Compute-Communication Overlap Causes Severe GEMM Performance Degradation because of Tail Effect

Hi everyone,

I’m working on optimizing a multi-GPU training task using FSDP and have encountered a significant performance issue related to compute-communication overlap. I’ve narrowed it down to a classic “tail effect” problem and would appreciate any insights or advanced optimization strategies.

The Problem: Overlap-Induced Tail Effect

I’ve created a simple script to test the impact of overlapping a gemm kernel with an allgather kernel, which mimics the behavior of FSDP’s prefetching mechanism.

My findings are as follows:

  • When the gemm kernel runs standalone, it achieves high MFU (~80%).
  • When it runs concurrently with an allgather kernel, the gemm kernel’s execution time nearly doubles, and its MFU drops to ~47%.
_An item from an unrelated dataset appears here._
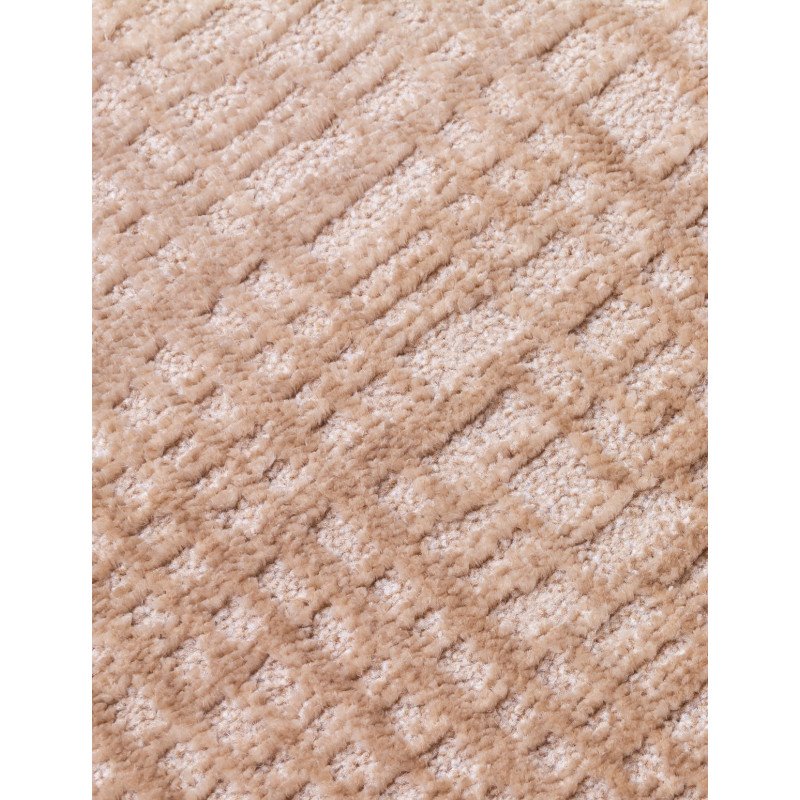 Elements Crisscross Beige Rug - Buy Furniture Online | Modern Furniture USA & Gulf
Root Cause Analysis with Nsight Systems (nsys)

The nsys profile provides a clear picture of what’s happening on my H100 GPU, which has 132 SMs:

  1. The gemm kernel is perfectly sized, launching exactly 132 blocks. In an ideal scenario, this should complete in a single wave, fully utilizing all SMs.
  2. However, the concurrent ncclAllGather kernel launches 24 blocks, preemptively occupying a few SMs.
  3. As a result, the CUDA scheduler can only dispatch less than 132 blocks of the gemm kernel in the first wave.
  4. The remaining blocks of the gemm kernel are forced into a second wave.

This creates a severe tail effect. During the second wave, the GPU is massively underutilized: only a few SMs are busy with the gemm tail, and another 24 SMs are busy with the allgather kernel, leaving most SMs completely idle. This wastage of resources is the primary cause of the performance degradation.

What I’m Looking For

The core challenge is that the gemm kernel I’m using is a closed-source, pre-compiled kernel from NVIDIA’s libraries, so I cannot directly modify it or change launch config

I’m looking for advanced strategies to mitigate this tail effect. The ideal solution would be a way to “fill the gap” in the second wave by co-scheduling blocks from different kernels

Are there any techniques, perhaps involving stream priorities, or other low-level NCCL configurations, that could help solve this? The goal is to make the GPU fully loaded during that second wave, or even better, to avoid creating the second wave for the gemm kernel altogether.

Here are some relevant resources I’ve been looking at:

Any advice on how to tackle this “pathological overlap” scenario would be greatly appreciated.